Brian Dunn/MONTREAL

Canadian Airlines International could be forced out of business by the turn of the year if employees and shareholders fail to endorse a sweeping programme of cost-cutting being proposed by the management, warns president Kevin Benson.

The cost cuts, which are planned to add C$800 million ($590 million) to Canadian's bottom line over the next four years, include a 10% wage cut and renegotiation of contracts with major suppliers and alliance partner American Airlines, which holds a one-third share in the group.

The Canadian Airline Pilots Association, which represents 1,100 pilots at the carrier, has accepted the proposals, but other unions dismiss the airline's warnings of financial collapse.

Canadian has not made a profit since 1988, and reported losses of C$49 million for the first nine months, blamed on higher fuel prices and competition from low-fare carriers. The full-year result is expected to be less than the C$195 million net loss of 1995, but will still be "significant" says, Benson.

"Our continuing operating losses are threatening the company's viability," says Benson. The airline, which has lost C$1.4 billion since 1990, still has C$111 million cash in hand, but continuing "chronic" losses and debt repayments could result in a "cash deficiency" by early 1997, potentially forcing Canadian into bankruptcy.

The airline plans to generate C$60 million through better use of the fleet to take advantage of cross-border opportunities in the wake of the two-year-old US-Canadian open-skies agreement. Trans-border flights will be doubled. Benson cautions, however, that higher fuel prices could erode C$20-30 million of this improvement.

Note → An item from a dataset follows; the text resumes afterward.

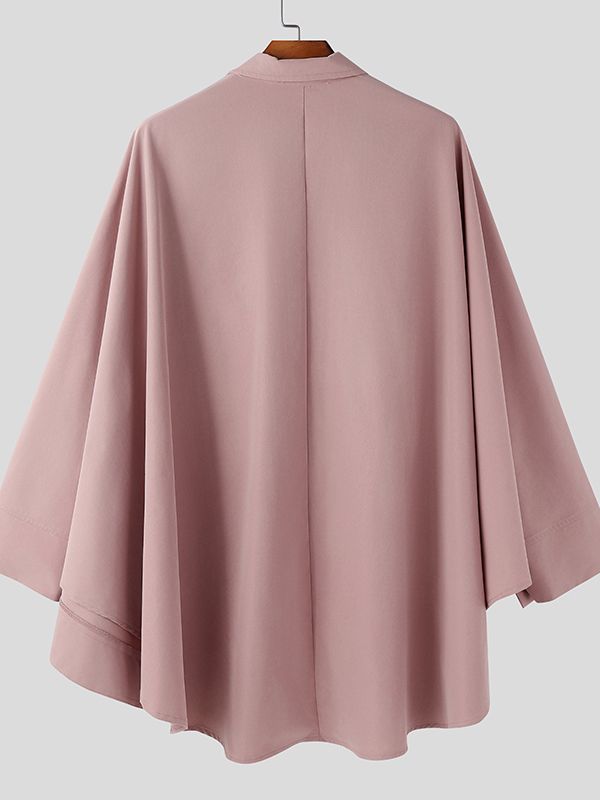 Men's Solid Color Deconstructed Loose Fit Shirt SKUL47668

The carrier's 16,400 employees will be asked to accept a10% pay cut by the end of November, to save a further C$70 million. Another C$70 million will be saved through renegotiating contracts and eliminating 250 jobs.

Canadian will dispense with loss-making routes to Europe and, at the same time, increase services from Vancouver to Asia by 20%. The airline will reduce domestic capacity by 11%, mainly in eastern Canada, partly by transferring routes to its Canadian Regional subsidiary, to be flown by smaller Fokker F28s.

It will also seek "-local partners to assume and develop" certain Canadian Regional operations in Ontario and Quebec.

Canadian will be raising its long-haul operations to Asia by 20%, but cut back elsewhere.